Starting in our 30s, we begin to lose muscle mass and function — a condition known as sarcopenia — which results in a loss of strength and mobility. At age 40, we lose about 1 percent of muscle mass per year, and it accelerates after age 70.

In addition, arthritis is also a factor. While younger people do suffer from arthritis, it becomes more prevalent with age — going from 7 percent for 18-44 year olds, to 30 percent for 45-64 year olds and 50 percent of those 65  and above.

And, with the aging Baby Boomer population, the prevalence of arthritis is expected to increase by 40 percent by 2030, impacting 67 million Americans.

Many everyday tasks that had been easy, such as opening lids on jars and bottles, become frustratingly difficult. Manufacturers could ease this burden with relatively simple modifications to age-old approaches including switching from metal to plastic (with easier-to-grip ridges) and making lids just a bit taller (with more surface area to grab).

Taking it a step further (with some additional cost), manufacturers can add an easy-grip, rubber-like layer, as Bayer has done for several of its bottles. Interestingly, it is referred to as an “easy-open arthritis cap” when used for Aleve, but no such mention is made for Bayer.

Advil’s arthritis cap is clearly designed with arthritics in mind. It includes both a built-in flange that can be gripped, even by someone whose fingers can’t fully bend to grip, as well as a slot to insert a pencil (or similar implement) to provide the leverage needed when both gripping and turning strength are lacking.

And better still, some caps include flip tops, eliminating the need to grip and turn altogether.


While marketers will continue to focus on Millenials (understandably), they should also consider the additional opportunties that could be realized by giving some renewed thought to Boomers.

This is still a very significant market segment whose evolving needs can be met by some fairly simple and straightforward modifications to product packaging.

Much can be accomplished within the confines of standard approaches that are readily available — such as more legible text or easier to grip lids. Providing these will result in greater shopper satisfaction and increased purchase frequency, not just among Boomers, but by all generations.

Importantly, by taking things to a higher level and creating meaningful proprietary solutions, enlightened marketers can create truly effective differentiation for their brands.

While this may require a significant capital investment initially, the ROI that would be achieved via higher price points, greater market share and deeper loyalty would pay for itself many times over in the long run.  

One of the best examples of how far this idea can be taken is Target’s proprietary prescription bottle.
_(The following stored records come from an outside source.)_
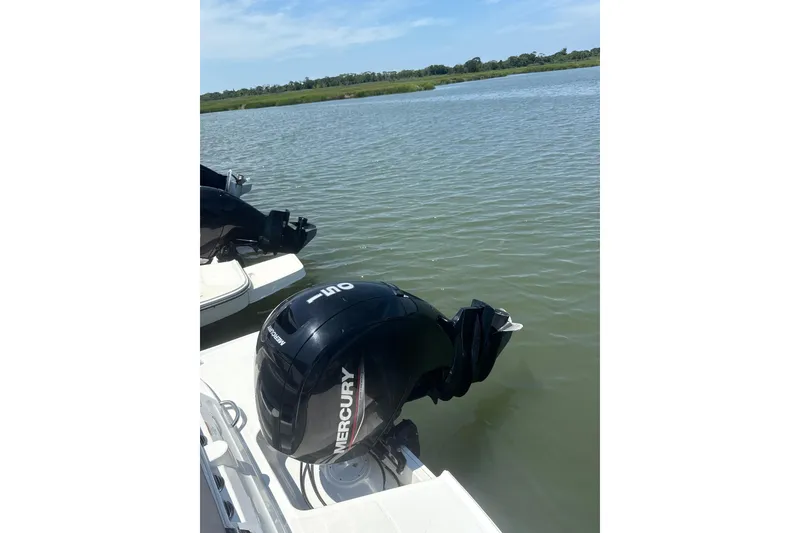 Slide: The Image of 2023 Bayliner VR6 Bowrider OB with Mercury outboard motor on a calm lake. - 9
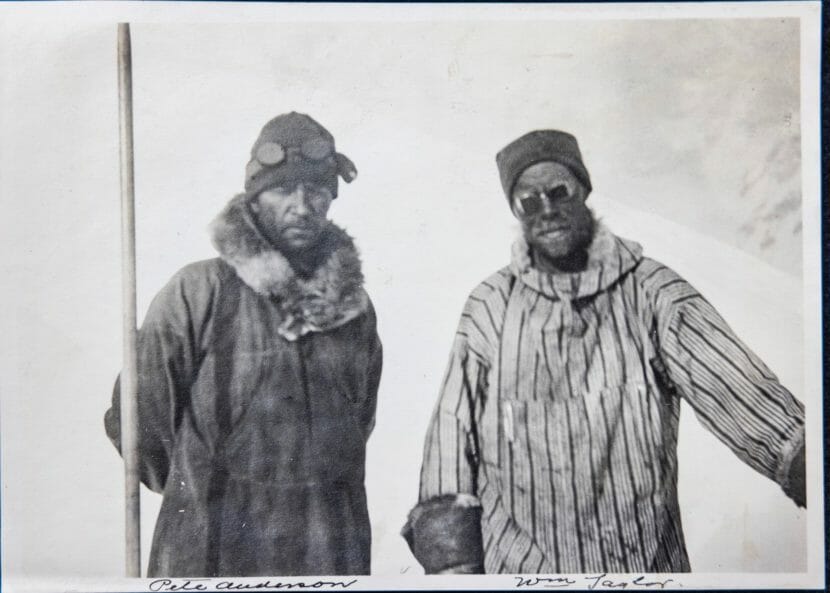 A black-and-white photo of two men in historic winter gear with snow goggles standing on a mountain.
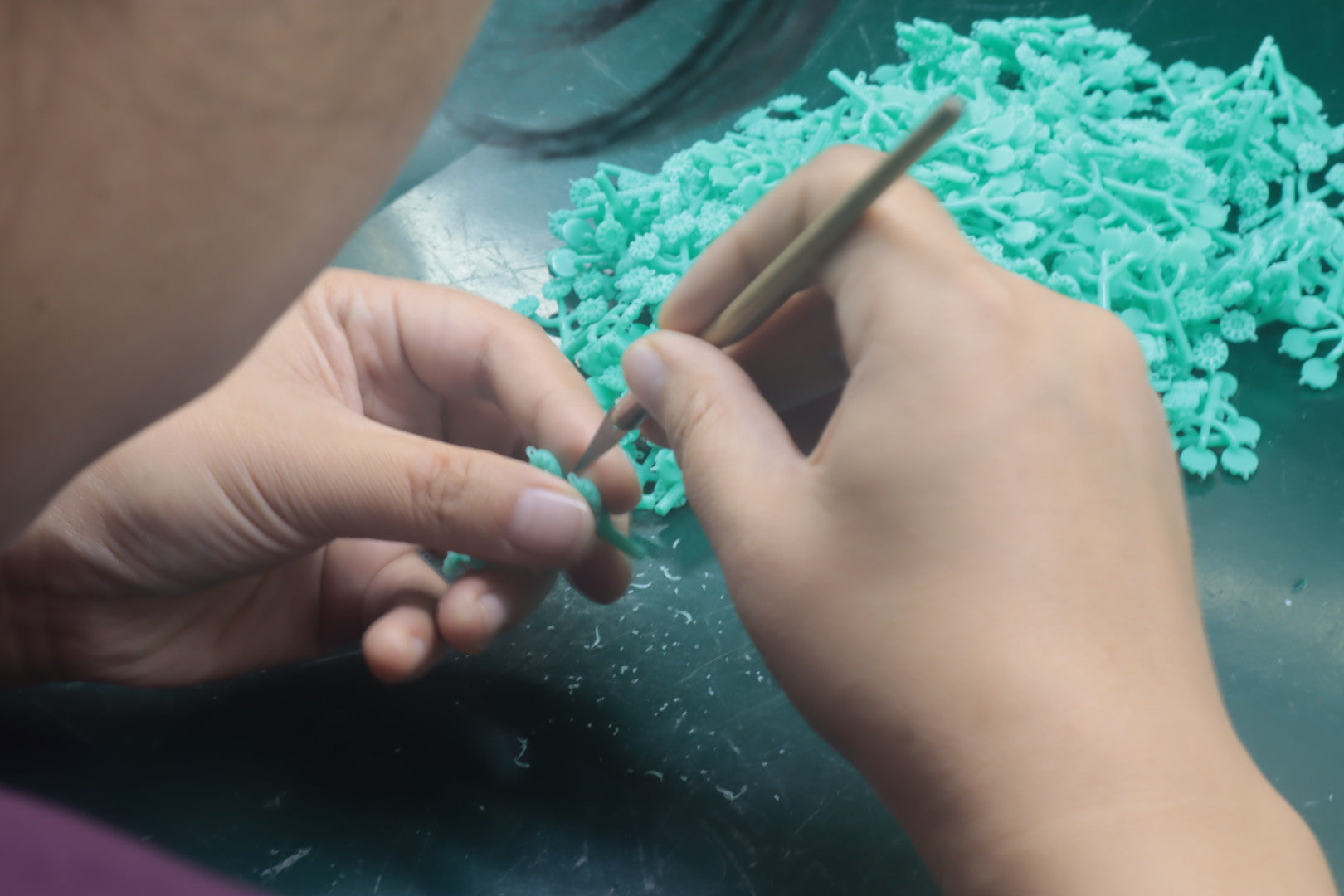 Fine wax jewelry models being trimmed during sample development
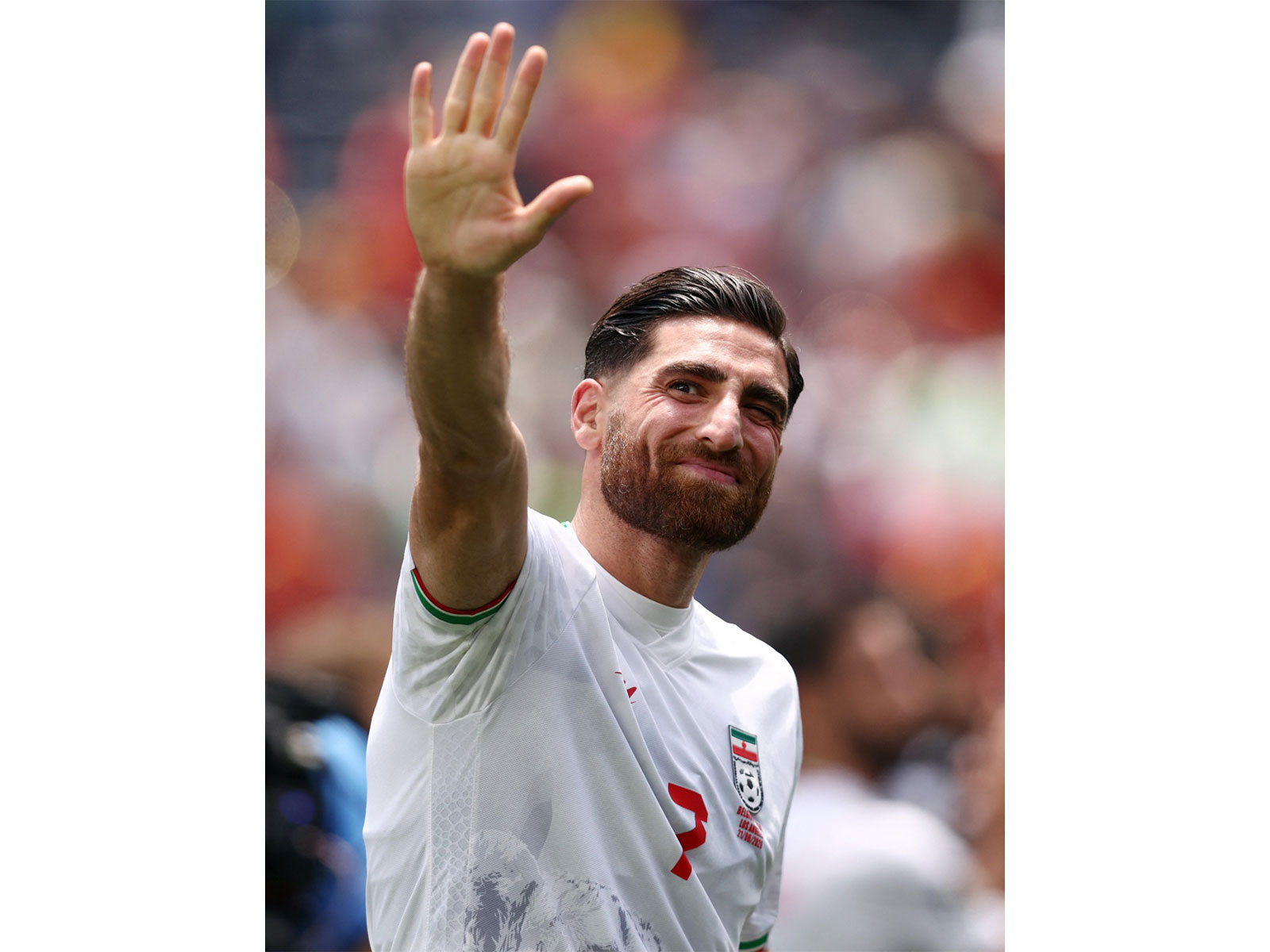 Iran's Alireza Jahanbakhsh applauds fans after the match against Belgium. (Photo: IMAGN IMAGES via Reuters)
It was originally created by a design student who had concerns that her grandparents — each of whom had several prescription drugs in their medicine cabinet — might accidentally take the wrong one.

The package she created includes a cap that is easy to open, color-coded rings which designate the intended user, and a large label that accommodates well-organized, easy-to-read copy.

This life-saving, award-winning package has broad appeal beyond the senior citizens for whom it was originally intended. It has also reinforced Target’s design credentials, as well as making Target’s pharmacy a destination for many shoppers — of all ages.

Of course, not every brand will be willing or able to go this far. But, given how much room for improvement exists and how benefical even small steps are likely to be, it certainly makes sense to at least think about creating Boomer-friendly packaging.

 And, ironically, by helping the Boomer segment, all shoppers will benefit — and make their buying choices accordingly.